(MATERIAL FOR THIS EXERCISE)

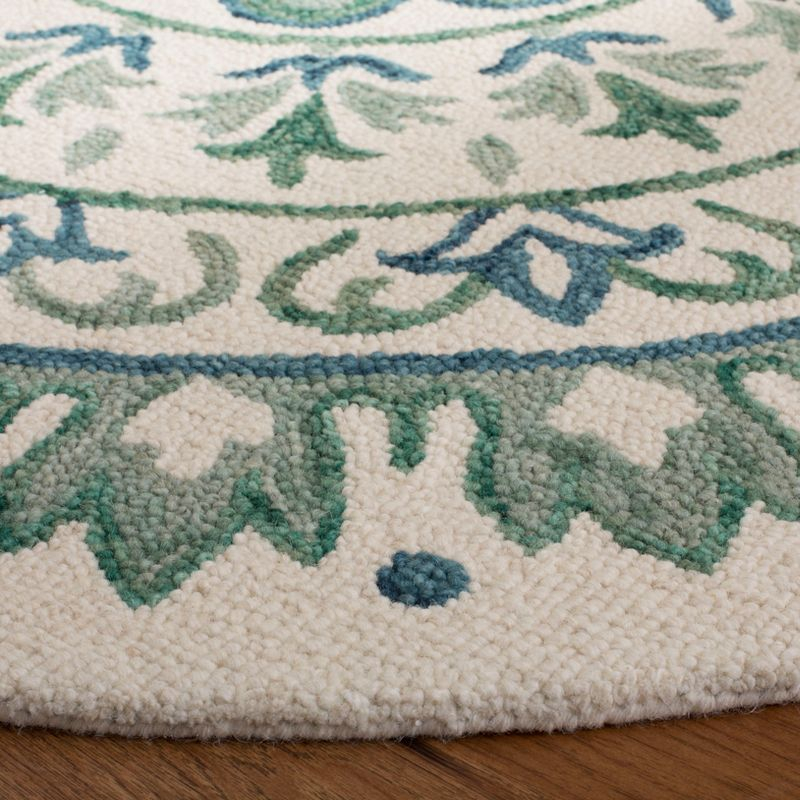 Novelty NOV607 Hand Tufted Area Rug - Ivory/Teal - 6' Round - Safavieh.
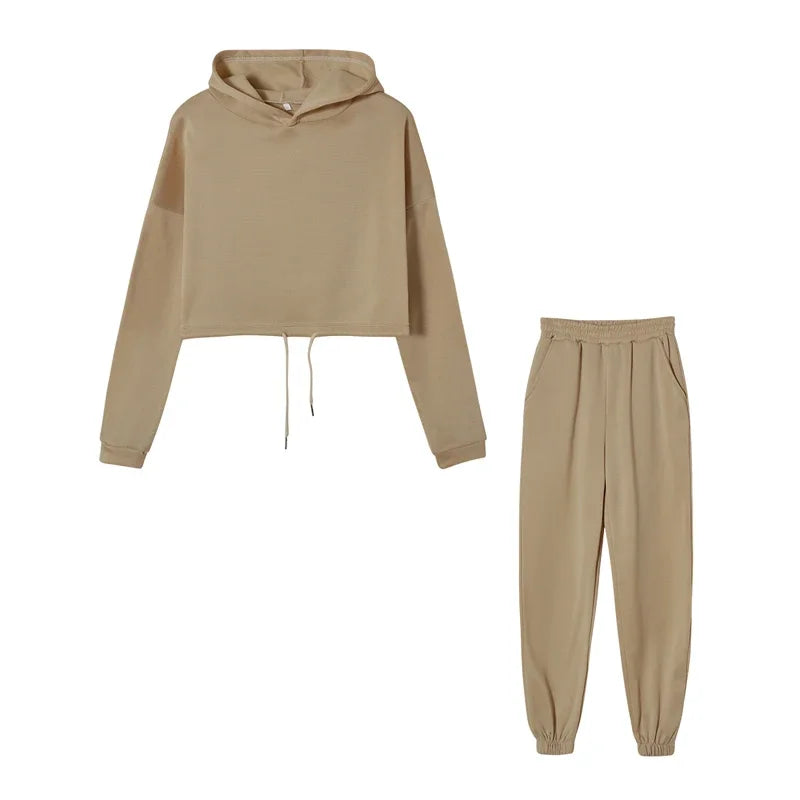 Beige hoodie and jogger pants set on a white background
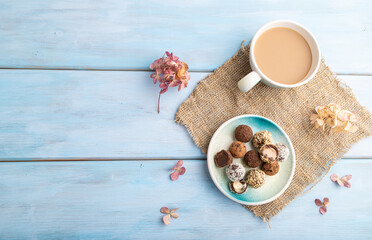 Fototapeta na wymiar Chocolate truffle candies with cup of coffee on a blue wooden background. top view, copy space.
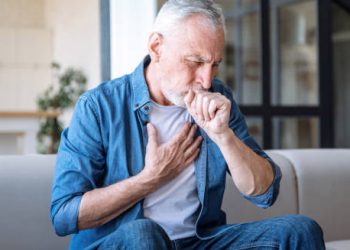 Older man coughing and clutching chest while sitting, showing symptoms of heart disease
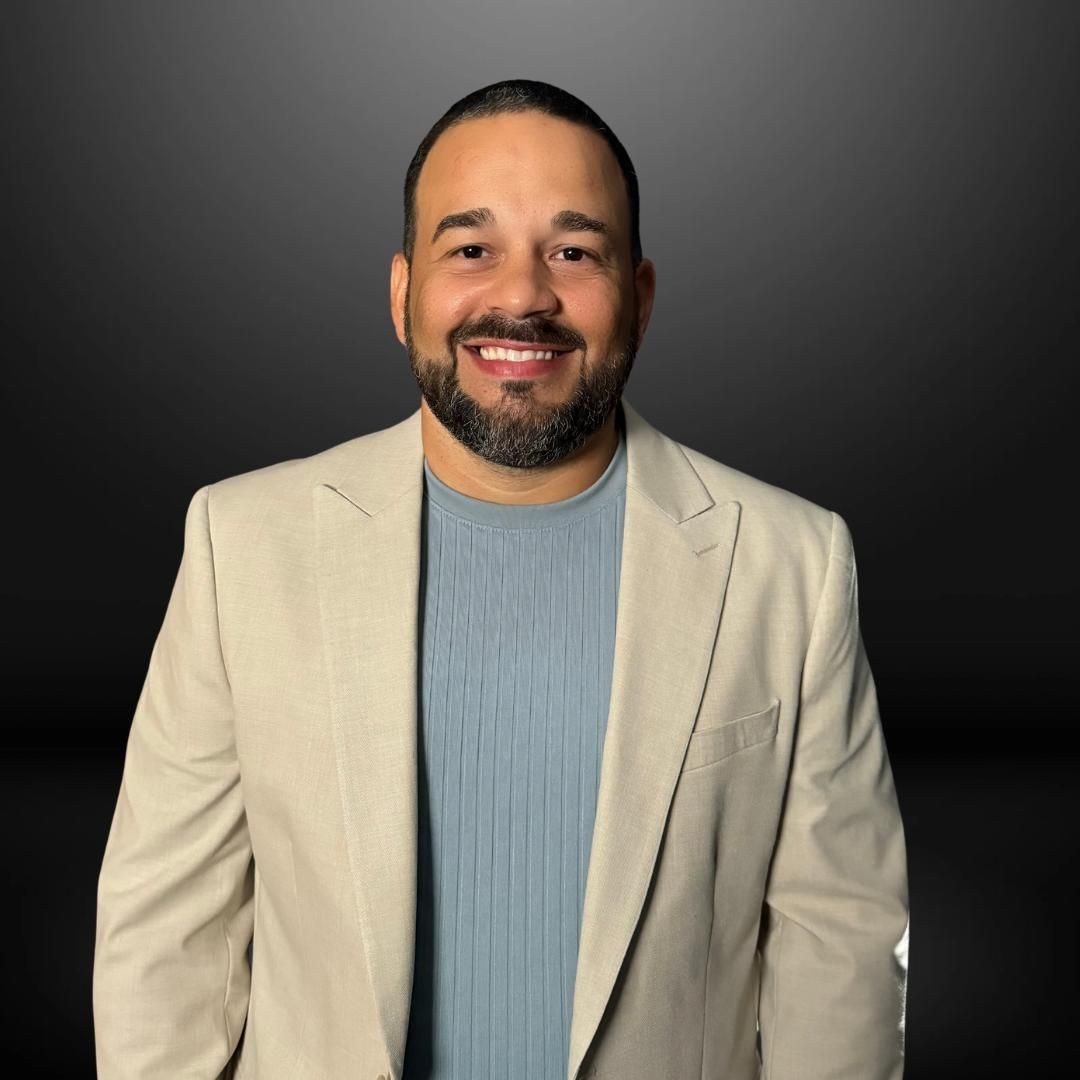 Man wearing a beige blazer over a blue ribbed shirt against a dark background.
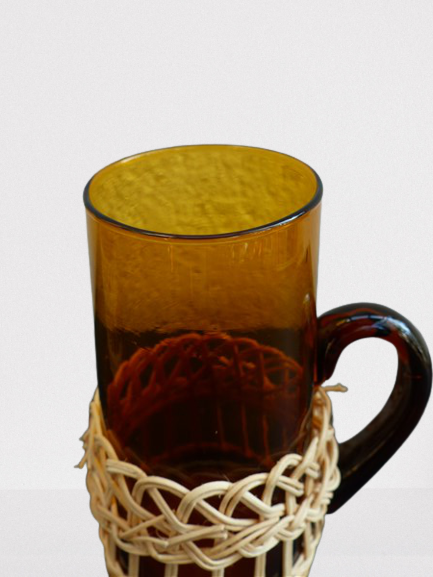 Fruit juice or vintage lemonade service in glass and wicker.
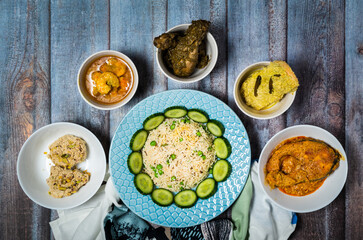 Assorted indian food decoration on the dark wooden background. Dishes and appetizers of indian cuisine.
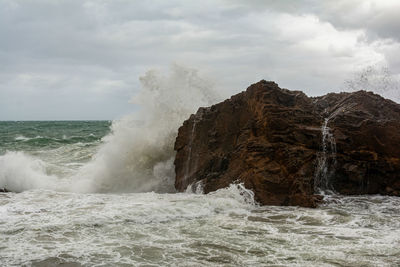 Sea waves crashing hard against a rock in winter. winter storm.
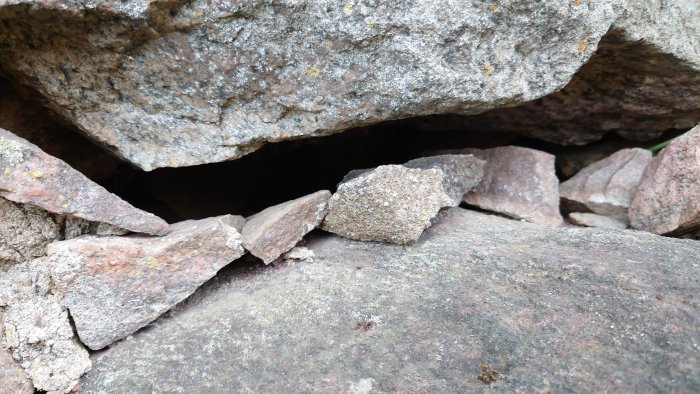 Grundmur med stora stenar och synliga håligheter där några mindre stenar har lossnat.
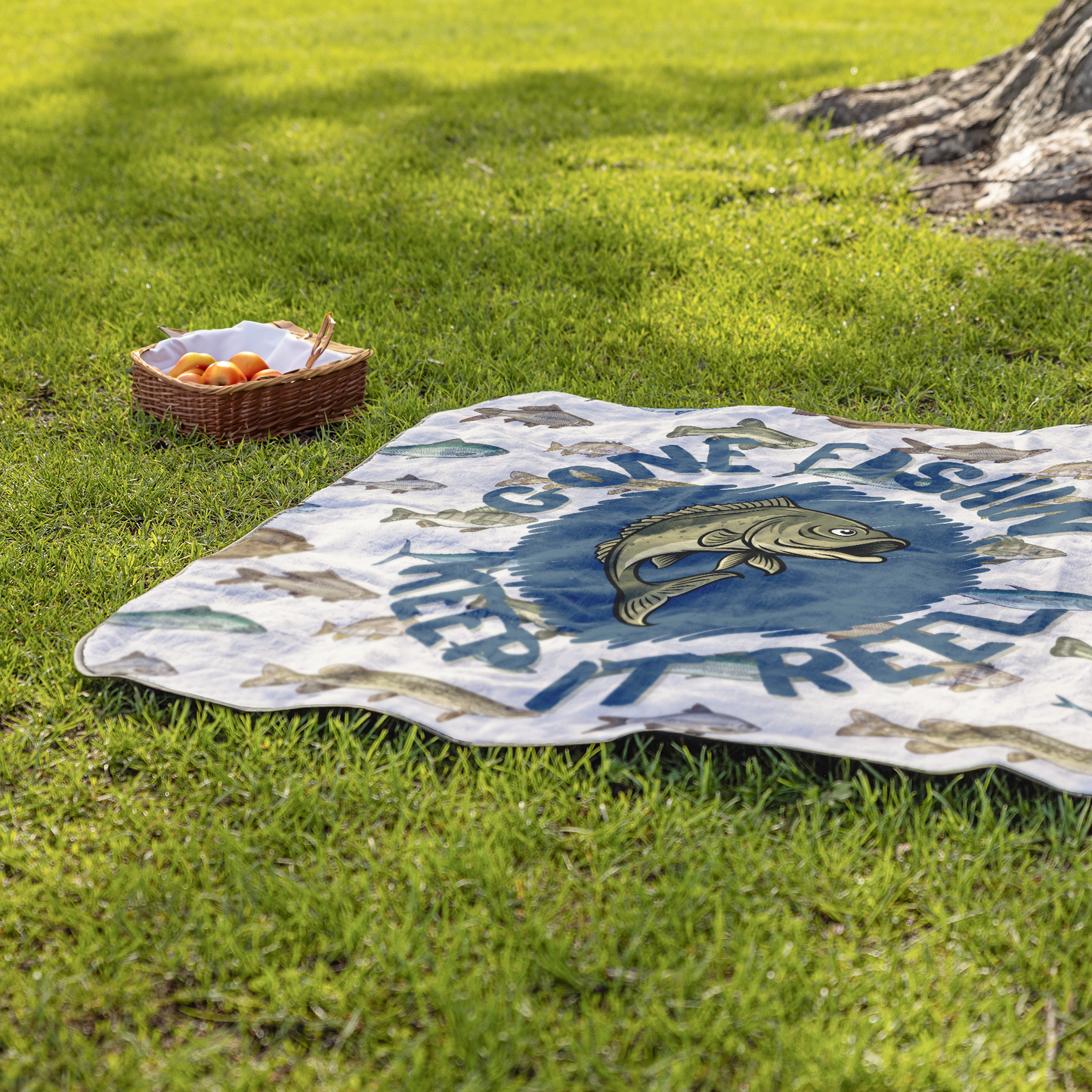 Gone_Fishing_Stay_Reel_Outdoor_Blanket_StadiumBlanket_Lifestyle_Grass_H_Mockup.png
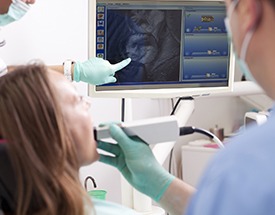 Dentist and patient looking at intraoral photos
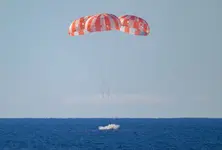 Astronauts return after venturing where no human had gone before, raising hope for humanity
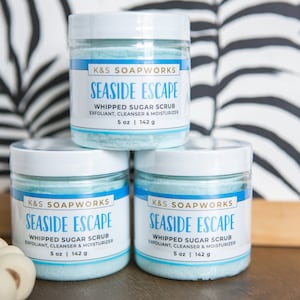 May include: Three white jars with blue lids and blue sugar scrub inside. The jars are labeled "K&S Soapworks Seaside Escape Whipped Sugar Scrub Exfoliant, Cleanser & Moisturizer 5 oz | 142 g".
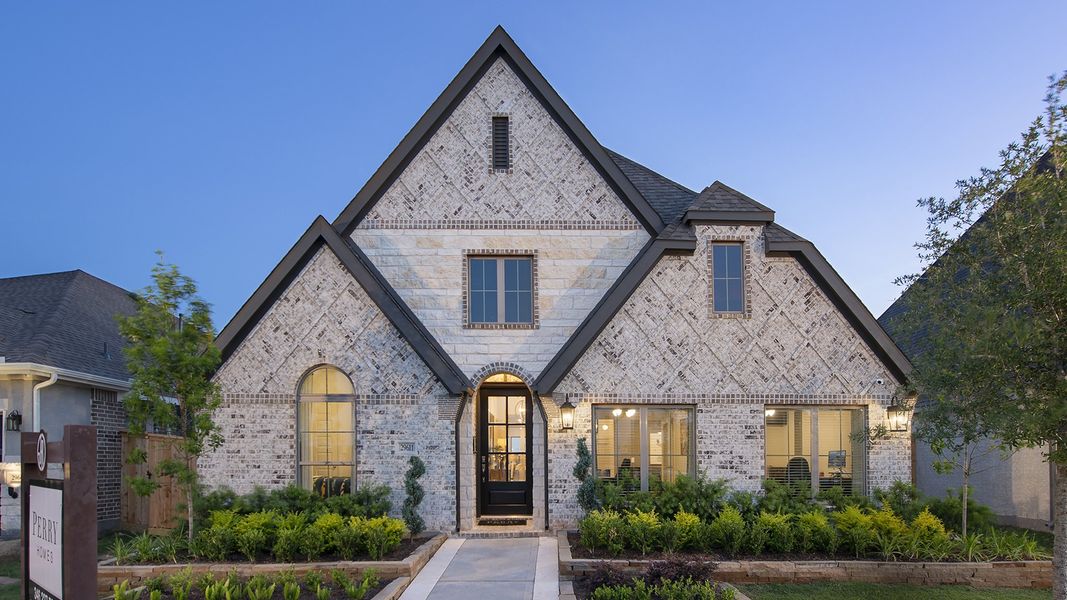 Front exterior of a new home in Meadows of Mill Creek, Seguin, TX, highlighting curb appeal (Image 26).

(End MATERIAL FOR THIS EXERCISE)

**YOUR GOAL**.
Return the complete material exactly as given, excluding images.

**SOLUTION TO THE PROBLEM**.
 Novelty NOV607 Hand Tufted Area Rug - Ivory/Teal - 6' Round - Safavieh.
 Beige hoodie and jogger pants set on a white background
 Fototapeta na wymiar Chocolate truffle candies with cup of coffee on a blue wooden background. top view, copy space.
 Older man coughing and clutching chest while sitting, showing symptoms of heart disease
 Man wearing a beige blazer over a blue ribbed shirt against a dark background.
 Fruit juice or vintage lemonade service in glass and wicker.
 Assorted indian food decoration on the dark wooden background. Dishes and appetizers of indian cuisine.
 Sea waves crashing hard against a rock in winter. winter storm.
 Grundmur med stora stenar och synliga håligheter där några mindre stenar har lossnat.
 Gone_Fishing_Stay_Reel_Outdoor_Blanket_StadiumBlanket_Lifestyle_Grass_H_Mockup.png
 Dentist and patient looking at intraoral photos
 Astronauts return after venturing where no human had gone before, raising hope for humanity
 May include: Three white jars with blue lids and blue sugar scrub inside. The jars are labeled "K&S Soapworks Seaside Escape Whipped Sugar Scrub Exfoliant, Cleanser & Moisturizer 5 oz | 142 g".
 Front exterior of a new home in Meadows of Mill Creek, Seguin, TX, highlighting curb appeal (Image 26).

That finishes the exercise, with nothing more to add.